Note: This is an exact match, not a registerable domain match. See §6.1 Cross-origin Credential Leakage for details as to why.
Remove any items from credentials whose interface is not present in types.
Remove any items from credentials whose options matching algorithm returns Does Not Match when executed on options.
Return credentials.

4.2.2. Request an `SiteBoundCredential` without user mediation

This algorithm accepts an origin (origin), a set of interfaces (types) and an CredentialRequestOptions dictionary (options), and returns either a single SiteBoundCredential object if and only if one can be provided without user mediation, or null if not.

If the user agent has disabled sharing credentials without user mediation, or origin’s requires user mediation flag in the user agent’s credential store is true, return null.
Note: See §5.2 Requiring User Mediation for details.
Let credentials be the result of executing §4.2.1 Gather SiteBoundCredentials on origin, types, and options.
If credentials is empty, or contains more than one Credential object, return null.
Note: In the future, we may wish to allow multiple Credential objects to be returned; for the moment, we’re erring on the cautious side to avoid accidentally revealing explicit relationships between user accounts.
Otherwise, let credential be the single Credential object in credentials.
Return credential.

Note: If a user agent implements some sort of "private browsing" mode, we recommend that this algorithm always return null when the user has enabled private browsing.

4.2.3. Request a `SiteBoundCredential` with user mediation

Let credentials be the result of executing §4.2.1 Gather SiteBoundCredentials on origin, types, and options.
Ask the user which Credential to share.
Note: This behavior is vendor-specific.

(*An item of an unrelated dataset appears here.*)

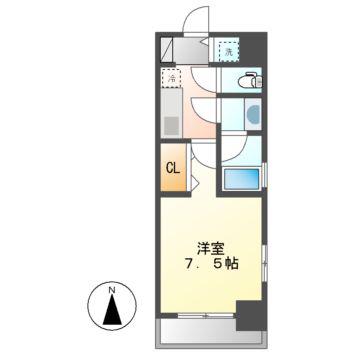 ブランシエスタ東別院(1K/9階)の間取り写真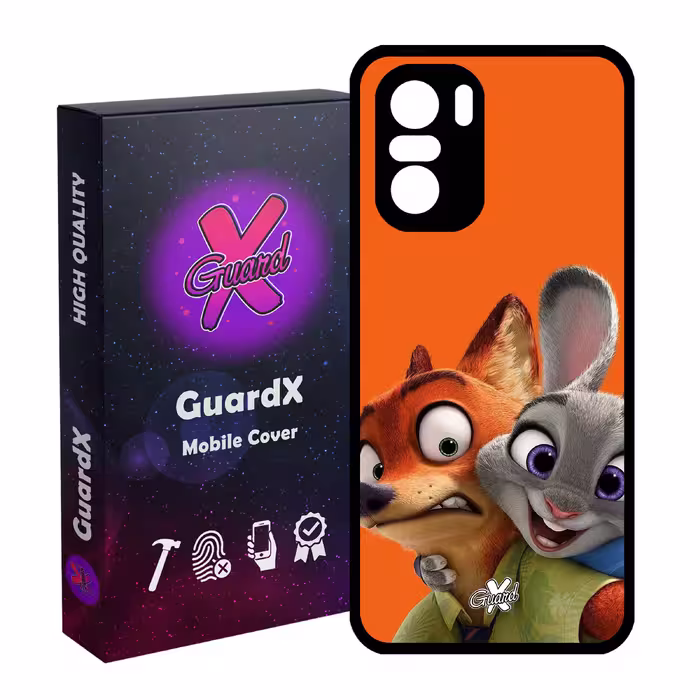 کاور گارد ایکس طرح Zootopia مدل Glass10047 مناسب برای گوشی موبایل شیائومی Poco F3/MI 11X/MI 11X Pro/Redmi K40/K40 Pro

Guidelines for user agent behavior are presented in §5 User Mediation.
Let credential be the Credential the user chose, or null if the user chose not to share a credential with origin.
Return credential.

4.2.4. Store `SiteBoundCredential`

This algorithm accepts a SiteBoundCredential (credential), and an origin (origin), and hands it to the internal credential manager for processing. It returns credential regardless of whether the user allows or disallows the credential to be persisted to the credential store:

Set credential’s [[origin]] slot to the ASCII serialization of origin.
If credential’s iconURL is not an a priori authenticated URL, set credential’s iconURL to the empty string.
Switch on credential’s primary interface, and execute the associated steps:
PasswordCredential
1. If the user agent’s credential manager contains a PasswordCredential storedCredential whose id attribute is credential’s id and whose [[origin]] slot is origin, then:
  1. If the user grants origin permission to update credentials (as discussed in §5.1 Storing and Updating Credentials), then:
    
    Set storedCredential’s [[password]] to the value of credential’s [[password]] slot.
    Set storedCredential’s name to the value of credential’s name.
    Set storedCredential’s iconURL to the value of credential’s iconURL.
2. Otherwise:
  1. If the user grants origin permission to store credentials (as discussed in §5.1 Storing and Updating Credentials), then store credential in the credential store.
FederatedCredential
1. If the user agent’s credential manager does not contain a FederatedCredential storedCredential whose id attribute is credential’s id and whose provider attribute is credential’s provider, then:
  1. If the user grants origin permission to store credentials (as discussed in §5.1 Storing and Updating Credentials), store credential in the credential store.
This is an extension point.
When new credential types are defined in the future, they’ll go here.
Return credential.

4.3. Helpful Algorithms

4.3.1. Require user mediation for `origin`

Let promise be a newly created Promise object.
Return promise, and execute the remaining steps asynchronously.
Set origin’s requires user mediation flag to true in the user agent’s credential store.
Resolve promise with undefined.

4.3.2. Does `credential` match `origin B`?

Let origin A be the value of credential’s [[origin]] slot.
If origin A is the same as origin B, return Exact Match.
If origin A’s scheme is origin B’s scheme, and origin A’s host's registerable domain is origin B’s host's registerable domain, then return Fuzzy Match.
Return No Match

5. User Mediation

Exposing credential information to the web via an API has a number of potential impacts on user privacy. The user agent, therefore, MUST involve the user in a number of cases in order to ensure that she clearly understands what’s going on, and with whom her credentials are being shared.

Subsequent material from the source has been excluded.